WeWork’s Future is in B2B Services

WeWork logo

WeWork is a fun company to analyze.

Its valuation is huge, its business model is changing fast, and it has a charismatic, audacious CEO. It’s flush with SoftBank cash and has deployed it in some interesting ways. It also epitomizes the divisive stereotype of the yuppie / techie / millennial that inspires both mockery and admiration, depending on who you’re talking to.

I have been mostly skeptical of WeWork’s valuation and future success:

Its acquisitions struck me as unfocused, and I didn’t see anything defensible about the co-working model. I also think that tech culture generally and the WeWork brand by extension are seeing a sharp drop in public goodwill, and that belonging to a WeWork won’t be a positive signaling device in the near future. The public image of finance still hasn’t recovered from 2008, and I think tech will see a similar (if somewhat less pronounced) popular backlash.

Still, after digging into the company I found some reason for optimism. Mainly, I think the company’s services arm, Powered By We, will be a big part of WeWork’s future success. There are some network effects / data moats that I hadn’t considered that will help defend WeWork’s business as it continues to scale.
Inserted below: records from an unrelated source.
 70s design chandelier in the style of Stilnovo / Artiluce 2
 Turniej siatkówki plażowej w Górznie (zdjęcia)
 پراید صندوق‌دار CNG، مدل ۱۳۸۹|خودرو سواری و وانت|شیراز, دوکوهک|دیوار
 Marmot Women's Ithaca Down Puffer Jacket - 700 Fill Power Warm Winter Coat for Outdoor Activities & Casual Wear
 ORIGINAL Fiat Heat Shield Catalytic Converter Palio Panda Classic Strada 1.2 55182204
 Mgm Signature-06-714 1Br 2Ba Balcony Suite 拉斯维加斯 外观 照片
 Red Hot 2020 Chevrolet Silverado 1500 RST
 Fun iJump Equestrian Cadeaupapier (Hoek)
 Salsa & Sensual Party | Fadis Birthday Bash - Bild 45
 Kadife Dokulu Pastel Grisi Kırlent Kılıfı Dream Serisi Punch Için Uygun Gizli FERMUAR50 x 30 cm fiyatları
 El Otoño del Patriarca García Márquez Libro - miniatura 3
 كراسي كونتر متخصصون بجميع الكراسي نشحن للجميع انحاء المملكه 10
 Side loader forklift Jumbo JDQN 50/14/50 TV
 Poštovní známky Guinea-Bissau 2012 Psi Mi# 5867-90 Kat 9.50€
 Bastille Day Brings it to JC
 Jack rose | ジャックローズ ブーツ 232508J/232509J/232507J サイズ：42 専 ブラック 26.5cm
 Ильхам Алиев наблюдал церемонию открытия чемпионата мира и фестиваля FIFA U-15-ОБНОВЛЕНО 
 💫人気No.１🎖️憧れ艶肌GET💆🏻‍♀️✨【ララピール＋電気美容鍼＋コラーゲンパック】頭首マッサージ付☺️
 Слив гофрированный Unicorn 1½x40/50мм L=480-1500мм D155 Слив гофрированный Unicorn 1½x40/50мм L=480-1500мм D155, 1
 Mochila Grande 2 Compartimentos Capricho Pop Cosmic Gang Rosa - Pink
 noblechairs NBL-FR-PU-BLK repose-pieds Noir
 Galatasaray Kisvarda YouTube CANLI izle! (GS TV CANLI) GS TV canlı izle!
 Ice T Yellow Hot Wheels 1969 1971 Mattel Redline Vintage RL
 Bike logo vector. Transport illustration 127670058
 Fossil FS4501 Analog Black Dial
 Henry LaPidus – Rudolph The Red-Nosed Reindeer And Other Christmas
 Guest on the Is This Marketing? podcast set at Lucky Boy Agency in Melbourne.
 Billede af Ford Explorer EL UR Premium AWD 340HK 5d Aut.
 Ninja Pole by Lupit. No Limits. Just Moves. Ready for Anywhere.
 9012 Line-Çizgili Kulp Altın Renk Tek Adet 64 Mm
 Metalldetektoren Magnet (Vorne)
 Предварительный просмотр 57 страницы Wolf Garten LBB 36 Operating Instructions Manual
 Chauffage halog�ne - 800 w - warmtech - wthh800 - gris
While I don’t see the company reaching Facebook or even Uber-level valuations anytime soon, I think with good execution it will become a profitable company.

WeWork Quick Facts

  • Founded in 2010, headquartered in NYC
  • Raised $4.4B from Softbank in 2017
  • Roughly $900MM  in revenue in 2017
  • $20B valuation at last funding round in summer 2017
  • CEO is Adam Neumann

Core co-working business

WeWork began and is still mostly known as a co-working business. Individuals and small teams can rent out space in a WeWork on a tiered scale (as low as 1 day / month floating desk and up to unlimited use of private office space).

WeWork leases the office space on a long term basis (15 – 20 years) and makes money on the spread between what it charges tenants for office space and what it pays for the long term leases. It has benefited from singing many of these leases while real estate in large cities was still relatively cheap following the 2008 financial crisis.

Many have remarked on WeWork’s enormous valuation compared to other office leasing companies. For example, Regus has a similar business model and is valued at just over $2B on roughly $3B in revenue. Boston Properties is valued at roughly $18B on $2.5B in revenue, but Boston Properties owns the space it rents out, while WeWork rents it. WeWork is clearly valued as a tech / growth company, at a $20B  valuation on shy of $1B in revenue.

Growth in Freelancing

I believe there will be growing demand for co-working space in general, as more and more people become freelancers (one study predicts that 50% of workers could be freelancers by 2027; even if this is optimistic it seems likely that the trend will continue). There is definitely value in having a community to work in and other professionals to network with, and I think co-working is absolutely here to stay.

However, at its current price points, WeWork seems like a luxury that will be one of the first things to go when the economy drops. I do not think people will be willing to shell out hundreds of dollars a month to work in a hip office space with free beer on tap when the market isn’t humming along. WeWork has only been around since 2010; it’s never seen an economic climate that’s not steady growth. I imagine WeWork will come out with cheaper price points, but no matter how low it goes, co-working is a luxury for freelancers, not a necessity.

Pricing for WeWork in Detroit
WeWork Pricing in Detroit

Powered By We: Pushing into Services

I hadn’t heard of WeWork’s service arm, but upon learning about it, I’m convinced it will be the most successful part of the company in the next ten years. The idea is this: WeWork has amassed a lot of data and expertise on how people use office space from its own co-working spaces. It’s also developed products to optimize these spaces, from room-booking software to internal networking apps. Powered By We is WeWork’s move to package what it’s learned about how to make offices run smoothly and sell it to other companies as a service.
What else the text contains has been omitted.